Há muitos anos, quando eu e a minha mulher estávamos noivos, fizemos um teste chamado “FOCCUS Inventory”, que é uma espécie de prova de compatibilidade que a diocese exige a todos os jovens casais que se estão a preparar para o matrimónio. O objectivo do exercício, se bem me lembro, era identificar áreas de potencial conflito ou desacordo entre os futuros marido e mulher, para que a fonte de fricção, ou de potencial fricção, pudesse ser abordado antes, e não depois, de se casarem.

O casamento é muito mais (e por vezes muito menos) do que aquilo que dois jovens possam imaginar. Não é mal pensado identificar de antemão alguns dos elementos mais mundanos, mas não menos importantes, da beleza do casamento. Nem que seja para dar ao sacerdote alguma ideia das rochas submersas que se encontram no caminho, ainda que o casal se mantenha obstinadamente ingénuo.

Fizemos o teste separadamente e depois encontrámo-nos com o pároco para rever os resultados. Ele recordou-nos que o teste é essencialmente um diagnóstico. Não existem respostas “correctas” ou “erradas”, assegurou-nos, apenas respostas que podem apresentar ocasião para uma reflexão, consideração e conversa mais aprofundadas. Só que, estávamos prestes a descobrir, afinal havia respostas erradas.

Muitas das perguntas na prova eram sobre o tipo de consideração prática que poderia facilmente passar despercebida a um par de jovens apaixonados: Quem vai tratar das finanças? Já conversaram sobre como os filhos podem afectar os planos de carreira para um ou ambos? Espera que o seu futuro esposo mude depois de se casar?

Acontece que eu e a minha mulher respondemos de forma diferente a essa última questão. Ela, tão querida, respondeu “não”, o que obviamente é a resposta correcta. As pessoas que se casam com alguém que desesperadamente esperam que se transforme noutra, estão a preparar-se para uma grande desilusão. Raramente é isso que acontece.

Como já devem desconfiar, eu respondi “sim”. Sirenes. Não só tinha dado uma resposta diferente, mas neste teste sem respostas erradas eu tinha claramente dado a resposta errada. O Sr. Prior ficou com um ar muito sério, um olhar de preocupação.

“Precisamos de conversar sobre isto. Stephen, porque é que esperas que ela mude?”. Via-se na cara da minha noiva que ela queria fazer uma pergunta semelhante, embora me pareça que ela a teria posto noutros termos.

Respondi com outra pergunta: “Se o objectivo do casamento é ajudar-nos a crescer em santidade, para que cada um ajude o outro a chegar ao Céu, então de que serve o sacramento se nos deixa iguais ao que somos agora?”
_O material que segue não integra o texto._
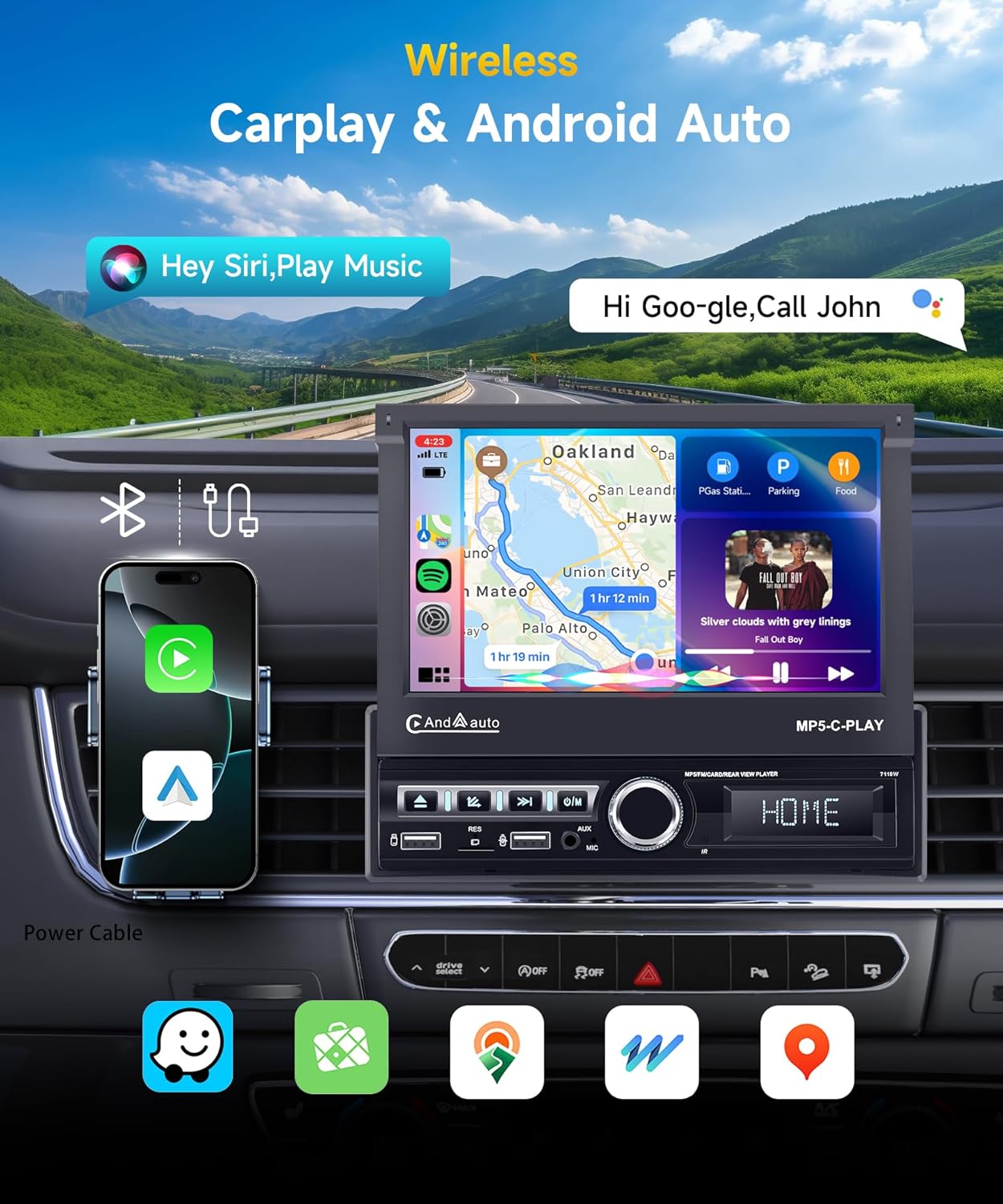 Autoradio 1 Din Carplay Android Auto Draadloos met 7 inch elektrisch uitschuifbaar scherm,1-DIN radio FM met Bluetooth,GPS/Navi,Mirror Link,2 USB/AUX/SD met achteruitrijcamera,stuurwielbediening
O prior suspirou, teceu um sorriso irónico, e comentou: “Não é isso que eles querem dizer com a pergunta”.

Não pude deixar de ripostar: “Pois devia ser. E seja como for, é isso que eu quero dizer com a minha resposta”.

Agora foi a vez de ela, a minha bela noiva, suspirar. Ela não estava sob qualquer ilusão, sabia muito bem que se ia casar com um espertalhão. Graças a Deus para mim, e como já vimos, ela tinha todas as expectativas de que eu seria assim para sempre. E ainda assim avançou.

O objectivo desta história não é mostrar-vos que a minha mulher é paciente e compreensiva, ou pelo menos não é esse o único objectivo. O drama de cada vida humana passa-se entre a pessoa que somos e a pessoa em que nos estamos a transformar. Estamos todos algures no meio. Arriscamos o desastre se não aspirarmos a ser mais do que somos – se não esperamos, rezamos e trabalhamos para mudar, para nos convertermos, para nos tornarmos cada vez mais a pessoa que somos chamados a ser.

Ao mesmo tempo, esta ideia de “a pessoa que eu devo ser” pode tornar-se também uma ilusão. É tão fácil como é perigoso apaixonar-se por uma ideia, seja uma versão idealizada de nós mesmos ou de outros. É um hábito peculiarmente humano ver nos outros aquilo que desejamos ver, e de acreditar naquilo que queremos que seja verdade. É curioso como o coração humano pode estar tão ansioso de acreditar que os seus desejos sejam verdade.

As amizades e os amores mais verdadeiros não são forjados a partir de ideais puros ou de meras ligações mundanas. Somos corpo e alma, e a exaltação de um acima do outro ao ponto de os separar invariavelmente conduz à destruição de ambos. O homem que ama a “humanidade” pode facilmente não amar o seu vizinho. O que ama aquilo que é seu – ele próprio, ou a sua tribo – acima de, e contra todos os outros, acaba por diminuir ambos.

A amizade humana não existe como abstracção. A ideia da amizade não é um amigo. E a ideia da família ou da nação não substitui essas realidades. Mas o homem também não se pode tornar ele mesmo se o seu coração nunca for para além da sua própria carne e vida.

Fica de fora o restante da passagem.